3 dead after jeep crashes and catches fire in Beijing's Tiananmen Square
3 dead in Tiananmen Square crash
STORY HIGHLIGHTS
- NEW: The vehicle hit the guardrail of a bridge and burst into flames, Xinhua reports
- Eleven injured tourists and police officers are taken to the hospital, it says
- The dead are the driver and two passengers, according to authorities
- The fire has been put out, but the area remains under a heavy police presence
The crash temporarily blocked off a busy area in the heart of the Chinese capital as rescuers and police rushed to the scene.
Police said the crash
happened around noon local time in front of the Tiananmen Rostrum, a
structure that stands at the entrance to the Forbidden City bearing a
giant portrait of Mao Zedong.
The vehicle hit the
guardrail of the Jinshui Bridge over the moat of the Forbidden City
before it burst into flames, the state-run news agency Xinhua reported.
The dead are the driver
of the jeep and two passengers, Beijing police said in a statement.
Eleven injured people, a mixture of tourists and police officers, have
been taken to the hospital, Xinhua said.
Photographs circulating
on social media showed a vehicle engulfed in flames in Tiananmen Square.
CNN wasn't immediately able to verify the authenticity of the images.
Authorities moved quickly to tackle the blaze and clear up the scene.

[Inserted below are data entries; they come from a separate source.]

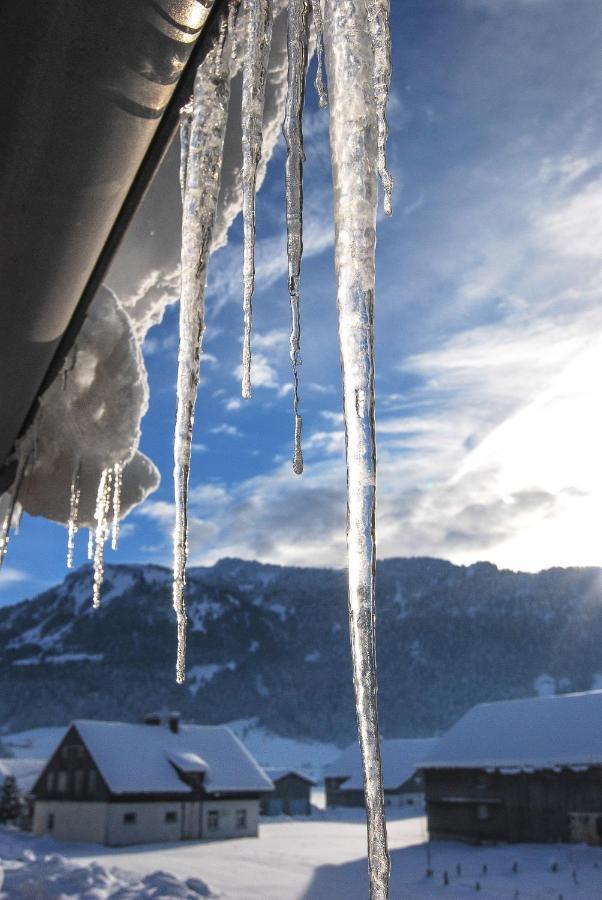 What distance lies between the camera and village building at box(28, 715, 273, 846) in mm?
26953

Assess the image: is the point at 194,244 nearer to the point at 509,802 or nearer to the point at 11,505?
the point at 11,505

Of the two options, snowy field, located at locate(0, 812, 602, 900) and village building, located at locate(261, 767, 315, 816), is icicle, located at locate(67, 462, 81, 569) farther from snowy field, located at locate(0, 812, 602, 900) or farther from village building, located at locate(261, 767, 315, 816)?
village building, located at locate(261, 767, 315, 816)

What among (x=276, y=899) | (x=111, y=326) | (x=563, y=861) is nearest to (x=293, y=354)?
(x=111, y=326)

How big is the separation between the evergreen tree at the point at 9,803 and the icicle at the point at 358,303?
42251 millimetres

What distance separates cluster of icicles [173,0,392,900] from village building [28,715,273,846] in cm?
2907

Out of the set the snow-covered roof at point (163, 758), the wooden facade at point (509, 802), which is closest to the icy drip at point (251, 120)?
the wooden facade at point (509, 802)

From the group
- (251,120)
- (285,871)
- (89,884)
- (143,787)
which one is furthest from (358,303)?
(143,787)

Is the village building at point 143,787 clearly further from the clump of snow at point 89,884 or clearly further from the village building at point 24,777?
the clump of snow at point 89,884

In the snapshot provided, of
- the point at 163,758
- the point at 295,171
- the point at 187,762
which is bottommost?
the point at 187,762

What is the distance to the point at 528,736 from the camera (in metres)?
23.2

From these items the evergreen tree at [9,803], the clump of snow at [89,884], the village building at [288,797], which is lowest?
the village building at [288,797]

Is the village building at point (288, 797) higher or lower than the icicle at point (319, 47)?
lower

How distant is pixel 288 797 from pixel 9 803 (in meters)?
18.3

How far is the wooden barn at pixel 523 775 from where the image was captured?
66.9 ft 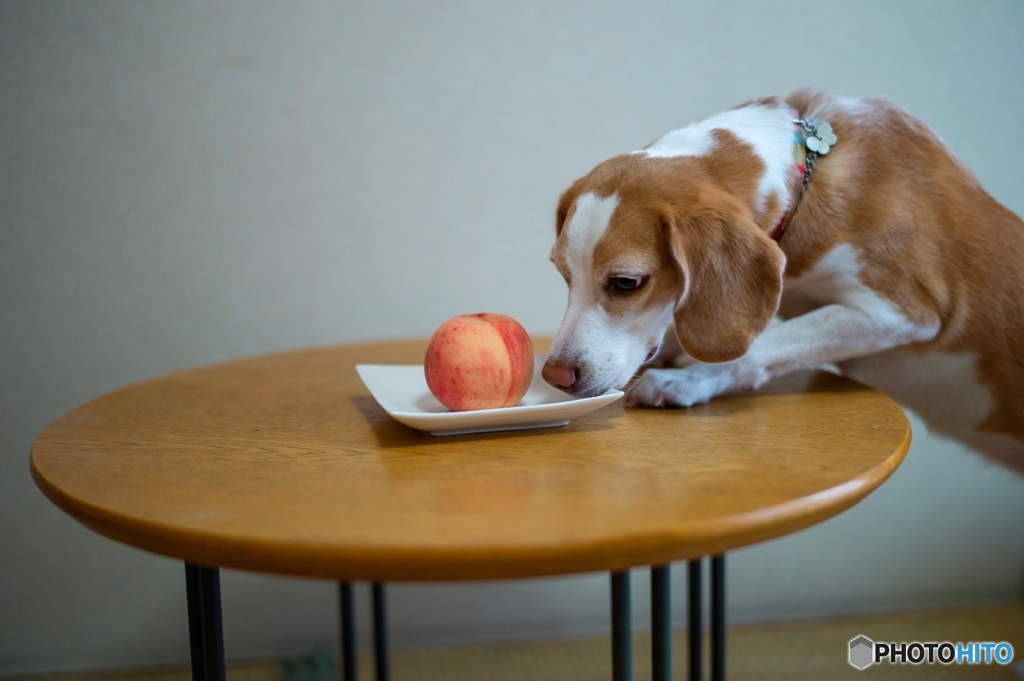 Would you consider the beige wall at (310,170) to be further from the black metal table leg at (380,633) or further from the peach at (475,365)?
the peach at (475,365)

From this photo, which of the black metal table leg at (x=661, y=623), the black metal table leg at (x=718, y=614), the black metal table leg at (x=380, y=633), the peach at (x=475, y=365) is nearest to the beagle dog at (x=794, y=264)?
the peach at (x=475, y=365)

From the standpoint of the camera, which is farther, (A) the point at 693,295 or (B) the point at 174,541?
(A) the point at 693,295

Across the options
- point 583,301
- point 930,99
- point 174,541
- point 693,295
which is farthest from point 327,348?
point 930,99

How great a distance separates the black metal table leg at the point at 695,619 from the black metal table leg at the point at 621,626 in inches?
24.9

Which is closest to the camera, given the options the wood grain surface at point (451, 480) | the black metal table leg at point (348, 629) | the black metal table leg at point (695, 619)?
the wood grain surface at point (451, 480)

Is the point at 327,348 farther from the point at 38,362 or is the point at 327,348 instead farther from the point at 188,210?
the point at 38,362

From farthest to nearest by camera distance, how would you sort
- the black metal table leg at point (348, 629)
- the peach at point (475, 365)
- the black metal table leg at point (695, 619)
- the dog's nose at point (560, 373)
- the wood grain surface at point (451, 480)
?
the black metal table leg at point (348, 629) → the black metal table leg at point (695, 619) → the dog's nose at point (560, 373) → the peach at point (475, 365) → the wood grain surface at point (451, 480)

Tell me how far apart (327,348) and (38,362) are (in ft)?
2.79

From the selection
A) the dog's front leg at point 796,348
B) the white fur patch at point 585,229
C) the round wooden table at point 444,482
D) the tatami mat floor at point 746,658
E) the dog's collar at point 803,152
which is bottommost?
the tatami mat floor at point 746,658

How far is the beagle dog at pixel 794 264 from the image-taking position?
1122 mm

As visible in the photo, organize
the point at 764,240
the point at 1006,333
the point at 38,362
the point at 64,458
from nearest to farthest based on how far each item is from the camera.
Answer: the point at 64,458
the point at 764,240
the point at 1006,333
the point at 38,362

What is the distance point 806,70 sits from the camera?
2117mm

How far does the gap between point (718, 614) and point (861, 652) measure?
734 mm

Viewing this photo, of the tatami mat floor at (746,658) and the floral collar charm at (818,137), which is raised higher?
the floral collar charm at (818,137)
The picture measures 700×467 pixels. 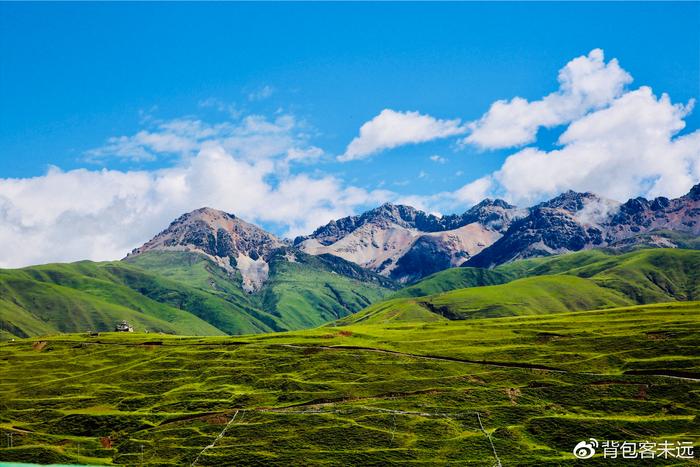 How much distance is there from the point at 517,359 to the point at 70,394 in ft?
396

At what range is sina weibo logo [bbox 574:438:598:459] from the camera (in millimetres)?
122562

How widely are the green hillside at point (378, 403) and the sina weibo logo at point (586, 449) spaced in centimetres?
194

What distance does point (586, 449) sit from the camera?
124750 millimetres

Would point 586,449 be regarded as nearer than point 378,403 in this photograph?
Yes

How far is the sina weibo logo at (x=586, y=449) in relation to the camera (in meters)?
123

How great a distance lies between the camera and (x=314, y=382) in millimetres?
165250

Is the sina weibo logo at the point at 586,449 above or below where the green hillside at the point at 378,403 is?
below

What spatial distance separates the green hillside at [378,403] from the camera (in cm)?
13012

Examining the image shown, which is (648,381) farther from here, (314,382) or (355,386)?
(314,382)

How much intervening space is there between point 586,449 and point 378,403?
45972 millimetres

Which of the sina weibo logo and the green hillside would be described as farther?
the green hillside

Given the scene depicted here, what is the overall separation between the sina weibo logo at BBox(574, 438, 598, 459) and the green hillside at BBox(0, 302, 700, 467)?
6.38 ft

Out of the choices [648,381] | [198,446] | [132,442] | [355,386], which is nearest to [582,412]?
[648,381]

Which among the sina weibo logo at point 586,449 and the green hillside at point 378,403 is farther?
the green hillside at point 378,403
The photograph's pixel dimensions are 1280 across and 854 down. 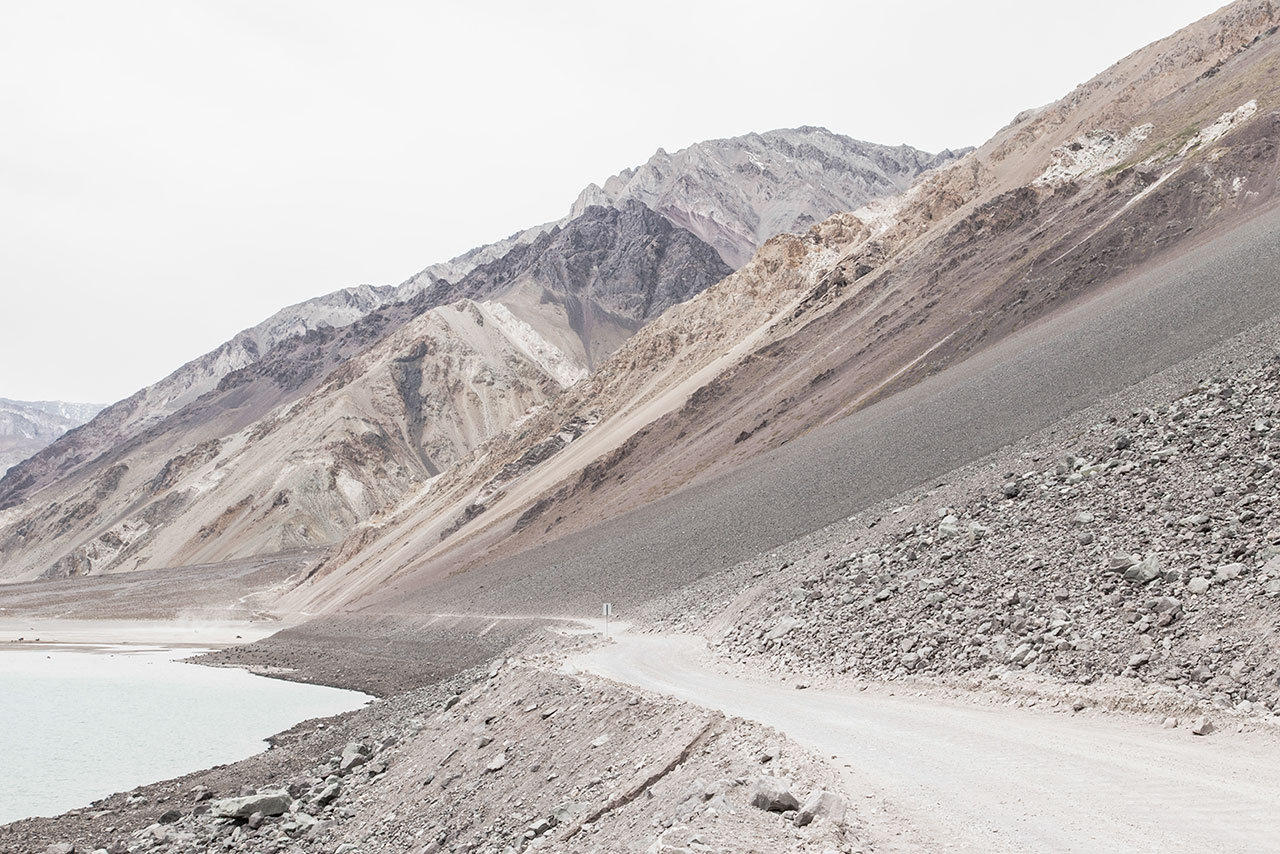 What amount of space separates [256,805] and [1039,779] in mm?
15984

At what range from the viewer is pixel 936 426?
1591 inches

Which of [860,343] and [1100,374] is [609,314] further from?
[1100,374]

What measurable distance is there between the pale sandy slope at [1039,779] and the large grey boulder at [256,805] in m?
10.7

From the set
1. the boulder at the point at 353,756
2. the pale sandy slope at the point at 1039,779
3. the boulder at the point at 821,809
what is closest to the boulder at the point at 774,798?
the boulder at the point at 821,809

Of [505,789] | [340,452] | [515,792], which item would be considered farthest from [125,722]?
[340,452]

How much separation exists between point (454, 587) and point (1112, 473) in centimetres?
4517

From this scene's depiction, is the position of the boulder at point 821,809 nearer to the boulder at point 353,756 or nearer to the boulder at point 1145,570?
the boulder at point 1145,570

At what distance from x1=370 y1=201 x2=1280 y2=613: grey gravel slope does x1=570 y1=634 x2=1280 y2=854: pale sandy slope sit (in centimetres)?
2335

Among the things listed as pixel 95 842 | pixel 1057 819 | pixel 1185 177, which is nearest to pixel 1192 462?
pixel 1057 819

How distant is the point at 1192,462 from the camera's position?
18.3 meters

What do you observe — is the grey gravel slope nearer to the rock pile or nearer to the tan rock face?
the tan rock face

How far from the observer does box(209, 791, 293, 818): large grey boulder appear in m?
18.9

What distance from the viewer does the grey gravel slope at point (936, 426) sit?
36031 mm

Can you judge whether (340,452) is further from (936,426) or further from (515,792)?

But the cause of the deadly crash remained unclear.
Around 2:30 p.m.,
authorities were barring tourists from entering the area in front of the
Tiananmen Rostrum and the center of Tiananmen Square. Both areas are
usually packed with mostly Chinese tourists.
Dozens of police vans,
along with uniformed and plainclothes officers, were gathered at the
site of the crash. Workers scrubbed the concrete, and there was no sign
of the vehicle or any residue from the fire.
The Tiananmen East
subway station and part of the Tiananmen West station were temporarily
closed, the subway operator said. Roads in the area soon reopened, and
traffic was flowing normally by midafternoon.
Tiananmen Square is
China's most politically sensitive landmark as a result of the events of
June 4, 1989, when government forces opened fire on civilians to quash
pro-democracy demonstrations.
The square is often closed or put under heightened security before and during major events.
The previous noteworthy
case of a vehicle catching fire in the area was in February 2009, when
three people tried to set themselves on fire after police stopped them
just east of the square.
Two of those three people, petitioners from out of town, were injured in that blaze.